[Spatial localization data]
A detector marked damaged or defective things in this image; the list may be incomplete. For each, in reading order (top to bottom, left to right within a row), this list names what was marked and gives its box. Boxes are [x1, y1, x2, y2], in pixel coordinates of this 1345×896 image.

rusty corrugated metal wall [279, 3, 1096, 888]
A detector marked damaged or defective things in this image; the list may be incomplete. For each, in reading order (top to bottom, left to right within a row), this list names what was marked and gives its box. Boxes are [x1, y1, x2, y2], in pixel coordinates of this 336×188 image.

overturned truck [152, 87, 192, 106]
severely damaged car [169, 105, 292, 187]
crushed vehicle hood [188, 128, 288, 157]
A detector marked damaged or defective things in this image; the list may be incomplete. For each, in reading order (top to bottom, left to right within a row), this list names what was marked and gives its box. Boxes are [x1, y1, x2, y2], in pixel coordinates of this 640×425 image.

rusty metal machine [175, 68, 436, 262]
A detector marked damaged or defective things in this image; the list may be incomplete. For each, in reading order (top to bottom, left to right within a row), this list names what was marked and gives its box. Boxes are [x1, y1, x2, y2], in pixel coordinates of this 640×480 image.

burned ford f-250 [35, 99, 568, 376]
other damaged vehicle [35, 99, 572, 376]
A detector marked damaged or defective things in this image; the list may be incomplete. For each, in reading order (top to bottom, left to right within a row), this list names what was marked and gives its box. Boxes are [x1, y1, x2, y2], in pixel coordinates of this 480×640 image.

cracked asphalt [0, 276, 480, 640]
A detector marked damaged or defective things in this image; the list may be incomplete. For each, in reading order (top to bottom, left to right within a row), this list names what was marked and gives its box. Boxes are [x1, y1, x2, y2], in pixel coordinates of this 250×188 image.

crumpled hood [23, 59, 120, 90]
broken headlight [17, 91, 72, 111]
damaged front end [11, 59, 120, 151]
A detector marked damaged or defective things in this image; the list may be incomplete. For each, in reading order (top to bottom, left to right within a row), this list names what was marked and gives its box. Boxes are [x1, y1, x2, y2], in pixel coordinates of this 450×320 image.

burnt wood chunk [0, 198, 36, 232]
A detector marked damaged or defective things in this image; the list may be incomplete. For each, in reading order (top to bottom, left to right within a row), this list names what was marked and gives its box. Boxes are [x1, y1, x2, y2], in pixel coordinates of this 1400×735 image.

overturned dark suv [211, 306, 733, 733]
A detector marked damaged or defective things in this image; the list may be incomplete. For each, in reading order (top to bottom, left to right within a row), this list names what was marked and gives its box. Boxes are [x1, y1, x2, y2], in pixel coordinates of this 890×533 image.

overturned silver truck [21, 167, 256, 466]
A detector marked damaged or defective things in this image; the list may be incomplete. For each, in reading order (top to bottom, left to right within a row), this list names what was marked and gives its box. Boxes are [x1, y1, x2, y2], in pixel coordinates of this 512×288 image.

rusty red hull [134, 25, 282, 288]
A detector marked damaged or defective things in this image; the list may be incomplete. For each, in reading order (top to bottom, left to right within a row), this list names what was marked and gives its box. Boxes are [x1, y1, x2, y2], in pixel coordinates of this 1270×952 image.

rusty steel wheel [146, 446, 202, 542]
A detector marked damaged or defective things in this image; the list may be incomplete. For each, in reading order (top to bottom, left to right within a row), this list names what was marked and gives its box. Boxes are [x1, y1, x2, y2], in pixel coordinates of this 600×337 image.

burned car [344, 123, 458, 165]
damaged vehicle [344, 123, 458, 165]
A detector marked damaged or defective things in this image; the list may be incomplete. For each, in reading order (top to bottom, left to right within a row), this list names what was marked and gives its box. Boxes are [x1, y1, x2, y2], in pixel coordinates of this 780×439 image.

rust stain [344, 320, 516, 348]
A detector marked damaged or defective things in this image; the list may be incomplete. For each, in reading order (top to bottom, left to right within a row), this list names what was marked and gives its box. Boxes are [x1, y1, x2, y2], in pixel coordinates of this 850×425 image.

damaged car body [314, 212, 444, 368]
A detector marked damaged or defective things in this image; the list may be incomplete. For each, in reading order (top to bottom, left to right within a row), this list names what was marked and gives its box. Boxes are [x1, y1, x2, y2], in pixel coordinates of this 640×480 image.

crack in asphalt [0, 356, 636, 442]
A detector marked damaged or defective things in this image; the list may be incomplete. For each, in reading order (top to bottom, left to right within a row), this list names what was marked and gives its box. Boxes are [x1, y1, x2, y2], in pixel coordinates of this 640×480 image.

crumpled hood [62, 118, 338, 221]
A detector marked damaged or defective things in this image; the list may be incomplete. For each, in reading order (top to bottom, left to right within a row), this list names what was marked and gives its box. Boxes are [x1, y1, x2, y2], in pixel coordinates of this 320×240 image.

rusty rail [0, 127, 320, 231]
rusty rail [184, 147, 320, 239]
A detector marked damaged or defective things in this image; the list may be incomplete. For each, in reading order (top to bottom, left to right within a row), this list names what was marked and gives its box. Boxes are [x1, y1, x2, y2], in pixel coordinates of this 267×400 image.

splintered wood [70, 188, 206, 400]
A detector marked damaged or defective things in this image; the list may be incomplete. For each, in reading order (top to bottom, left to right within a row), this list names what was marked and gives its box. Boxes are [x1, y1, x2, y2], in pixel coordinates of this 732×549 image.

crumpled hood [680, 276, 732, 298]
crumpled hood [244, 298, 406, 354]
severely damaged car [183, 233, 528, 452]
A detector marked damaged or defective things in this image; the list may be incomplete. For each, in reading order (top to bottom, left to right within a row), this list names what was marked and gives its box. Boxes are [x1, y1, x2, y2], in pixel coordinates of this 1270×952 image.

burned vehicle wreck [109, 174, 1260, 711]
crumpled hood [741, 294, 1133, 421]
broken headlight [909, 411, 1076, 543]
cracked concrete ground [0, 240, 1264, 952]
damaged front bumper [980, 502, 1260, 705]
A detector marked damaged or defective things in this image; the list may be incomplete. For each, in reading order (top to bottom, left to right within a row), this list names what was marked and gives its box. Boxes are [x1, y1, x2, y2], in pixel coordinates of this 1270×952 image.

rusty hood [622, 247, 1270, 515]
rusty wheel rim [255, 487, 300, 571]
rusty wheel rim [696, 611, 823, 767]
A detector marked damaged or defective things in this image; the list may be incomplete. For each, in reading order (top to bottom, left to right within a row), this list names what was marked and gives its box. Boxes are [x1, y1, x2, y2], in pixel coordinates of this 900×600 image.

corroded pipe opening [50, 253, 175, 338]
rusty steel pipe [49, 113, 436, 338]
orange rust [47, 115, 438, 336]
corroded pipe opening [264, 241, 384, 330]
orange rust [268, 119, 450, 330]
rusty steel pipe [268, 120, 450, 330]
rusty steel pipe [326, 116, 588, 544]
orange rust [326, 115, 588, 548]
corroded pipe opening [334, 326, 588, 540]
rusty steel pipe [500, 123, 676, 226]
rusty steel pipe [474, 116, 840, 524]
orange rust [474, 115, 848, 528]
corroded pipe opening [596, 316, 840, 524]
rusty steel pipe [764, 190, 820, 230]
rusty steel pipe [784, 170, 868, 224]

▶ _WHAT YOU ARE ASKED TO DO_
All records should be returned verbatim, none left out.

▶ _ANSWER FOR THIS EXERCISE_
A detector marked damaged or defective things in this image; the list may be incomplete. For each, in reading order (top to bottom, left to right within a row), this list names what was marked and gives its box. Boxes are [x1, y1, x2, y2], in pixel coordinates of this 1345×896 image.

rusty corrugated metal wall [279, 3, 1096, 888]
A detector marked damaged or defective things in this image; the list may be incomplete. For each, in reading order (top to bottom, left to right within a row), this list names what was marked and gives its box. Boxes are [x1, y1, x2, y2], in pixel coordinates of this 336×188 image.

overturned truck [152, 87, 192, 106]
severely damaged car [169, 105, 292, 187]
crushed vehicle hood [188, 128, 288, 157]
A detector marked damaged or defective things in this image; the list may be incomplete. For each, in reading order (top to bottom, left to right within a row), this list names what was marked and gives its box. Boxes are [x1, y1, x2, y2], in pixel coordinates of this 640×425 image.

rusty metal machine [175, 68, 436, 262]
A detector marked damaged or defective things in this image; the list may be incomplete. For each, in reading order (top to bottom, left to right within a row), this list names what was marked and gives its box. Boxes are [x1, y1, x2, y2], in pixel coordinates of this 640×480 image.

burned ford f-250 [35, 99, 568, 376]
other damaged vehicle [35, 99, 572, 376]
A detector marked damaged or defective things in this image; the list may be incomplete. For each, in reading order (top to bottom, left to right within a row), this list names what was marked and gives its box. Boxes are [x1, y1, x2, y2], in pixel coordinates of this 480×640 image.

cracked asphalt [0, 276, 480, 640]
A detector marked damaged or defective things in this image; the list may be incomplete. For each, in reading order (top to bottom, left to right within a row), this list names what was marked and gives its box. Boxes are [x1, y1, x2, y2], in pixel coordinates of this 250×188 image.

crumpled hood [23, 59, 120, 90]
broken headlight [17, 91, 72, 111]
damaged front end [11, 59, 120, 151]
A detector marked damaged or defective things in this image; the list may be incomplete. For each, in reading order (top to bottom, left to right within a row), this list names what was marked and gives its box. Boxes are [x1, y1, x2, y2], in pixel coordinates of this 450×320 image.

burnt wood chunk [0, 198, 36, 232]
A detector marked damaged or defective things in this image; the list may be incomplete. For each, in reading order (top to bottom, left to right within a row), this list names what was marked and gives its box. Boxes are [x1, y1, x2, y2], in pixel coordinates of this 1400×735 image.

overturned dark suv [211, 306, 733, 733]
A detector marked damaged or defective things in this image; the list may be incomplete. For each, in reading order (top to bottom, left to right within a row), this list names what was marked and gives its box. Boxes are [x1, y1, x2, y2], in pixel coordinates of this 890×533 image.

overturned silver truck [21, 167, 256, 466]
A detector marked damaged or defective things in this image; the list may be incomplete. For each, in reading order (top to bottom, left to right within a row), this list names what was marked and gives its box. Boxes are [x1, y1, x2, y2], in pixel coordinates of this 512×288 image.

rusty red hull [134, 25, 282, 288]
A detector marked damaged or defective things in this image; the list may be incomplete. For each, in reading order (top to bottom, left to right within a row), this list names what was marked and gives its box. Boxes are [x1, y1, x2, y2], in pixel coordinates of this 1270×952 image.

rusty steel wheel [146, 446, 202, 542]
A detector marked damaged or defective things in this image; the list may be incomplete. For each, in reading order (top to bottom, left to right within a row), this list names what was marked and gives its box. Boxes are [x1, y1, x2, y2], in pixel coordinates of this 600×337 image.

burned car [344, 123, 458, 165]
damaged vehicle [344, 123, 458, 165]
A detector marked damaged or defective things in this image; the list may be incomplete. For each, in reading order (top to bottom, left to right within a row), this list names what was marked and gives its box. Boxes are [x1, y1, x2, y2], in pixel coordinates of this 780×439 image.

rust stain [344, 320, 516, 348]
A detector marked damaged or defective things in this image; the list may be incomplete. For each, in reading order (top to bottom, left to right within a row), this list names what was marked and gives its box. Boxes are [x1, y1, x2, y2], in pixel coordinates of this 850×425 image.

damaged car body [314, 212, 444, 368]
A detector marked damaged or defective things in this image; the list may be incomplete. For each, in reading order (top to bottom, left to right within a row), this list names what was marked and gives its box. Boxes are [x1, y1, x2, y2], in pixel coordinates of this 640×480 image.

crack in asphalt [0, 356, 636, 442]
A detector marked damaged or defective things in this image; the list may be incomplete. For each, in reading order (top to bottom, left to right within a row), this list names what was marked and gives its box. Boxes are [x1, y1, x2, y2], in pixel coordinates of this 640×480 image.

crumpled hood [62, 118, 338, 221]
A detector marked damaged or defective things in this image; the list may be incomplete. For each, in reading order (top to bottom, left to right within a row), this list names what was marked and gives its box. Boxes are [x1, y1, x2, y2], in pixel coordinates of this 320×240 image.

rusty rail [0, 127, 320, 231]
rusty rail [184, 147, 320, 239]
A detector marked damaged or defective things in this image; the list may be incomplete. For each, in reading order (top to bottom, left to right within a row), this list names what was marked and gives its box. Boxes are [x1, y1, x2, y2], in pixel coordinates of this 267×400 image.

splintered wood [70, 188, 206, 400]
A detector marked damaged or defective things in this image; the list may be incomplete. For each, in reading order (top to bottom, left to right within a row), this list names what was marked and gives its box. Boxes are [x1, y1, x2, y2], in pixel coordinates of this 732×549 image.

crumpled hood [680, 276, 732, 298]
crumpled hood [244, 298, 406, 354]
severely damaged car [183, 233, 528, 452]
A detector marked damaged or defective things in this image; the list may be incomplete. For each, in reading order (top to bottom, left to right within a row), this list names what was marked and gives its box. Boxes are [x1, y1, x2, y2], in pixel coordinates of this 1270×952 image.

burned vehicle wreck [109, 174, 1260, 711]
crumpled hood [741, 294, 1133, 421]
broken headlight [909, 411, 1076, 543]
cracked concrete ground [0, 240, 1264, 952]
damaged front bumper [980, 502, 1260, 705]
A detector marked damaged or defective things in this image; the list may be incomplete. For each, in reading order (top to bottom, left to right within a row), this list names what was marked and gives its box. Boxes are [x1, y1, x2, y2], in pixel coordinates of this 1270×952 image.

rusty hood [622, 247, 1270, 515]
rusty wheel rim [255, 487, 300, 571]
rusty wheel rim [696, 611, 823, 767]
A detector marked damaged or defective things in this image; the list may be incomplete. For each, in reading order (top to bottom, left to right within a row), this list names what was marked and gives its box. Boxes are [x1, y1, x2, y2], in pixel coordinates of this 900×600 image.

corroded pipe opening [50, 253, 175, 338]
rusty steel pipe [49, 113, 436, 338]
orange rust [47, 115, 438, 336]
corroded pipe opening [264, 241, 384, 330]
orange rust [268, 119, 450, 330]
rusty steel pipe [268, 120, 450, 330]
rusty steel pipe [326, 116, 588, 544]
orange rust [326, 115, 588, 548]
corroded pipe opening [334, 326, 588, 540]
rusty steel pipe [500, 123, 676, 226]
rusty steel pipe [474, 116, 840, 524]
orange rust [474, 115, 848, 528]
corroded pipe opening [596, 316, 840, 524]
rusty steel pipe [764, 190, 820, 230]
rusty steel pipe [784, 170, 868, 224]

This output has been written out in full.